A Theoretical Calculation Guided Strategy for Designing Energetic Composite Materials with Enhanced Thermal Conductivity by Adjusting Interfacial Interactions

Abstract

The safety issues arising from inefficient heat dissipation in energetic materials demand innovative thermal management strategies. Herein, we proposed a strategy for guiding the design of energetic composite materials with enhanced thermal conductivity based on the molecular dynamics and density functional theoretical methods. Based on this strategy, the suitable filler for improving the thermal conductivity of different kinds of energetic materials may be quickly selected out, and way to further balance the thermal conductivity and amount of filler could be figured out.

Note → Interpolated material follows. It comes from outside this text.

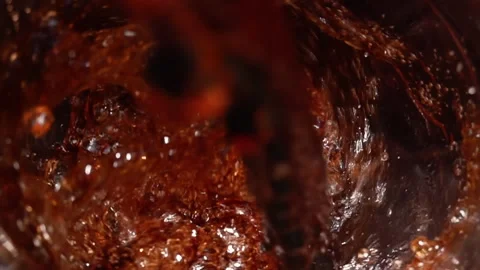 Pouring Cola Extreme Close-Up with Bubbles and Splashes Vídeos de archivo 346087981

The resulted showed the h-BNNS is a suitable filler which can improve the thermal conductivity of famous energetic material HMX by about 8.16%, and this could be further increased to 30.48% by doubling the amount of h-BNNS. More importantly, the thermal conductivity of HMX can also obviously enhanced by adjusting the interfacial interactions between fillers and energetic materials without doubling the amount of h-BNNS. Which was achieved by using the hydroxylated h-BNNS (h-BNNS-OH) was the filler to greatly increasing the binding strength, reducing the interface thermal resistance and facilitating phonon transport, through the strong hydrogen-bonding interactions between h-BNNS-OH and HMX. This work may provide a insight for establishing an atomic-scale design paradigm for thermally stable energetic materials through synergistic interfacial chemistry and phonon engineering.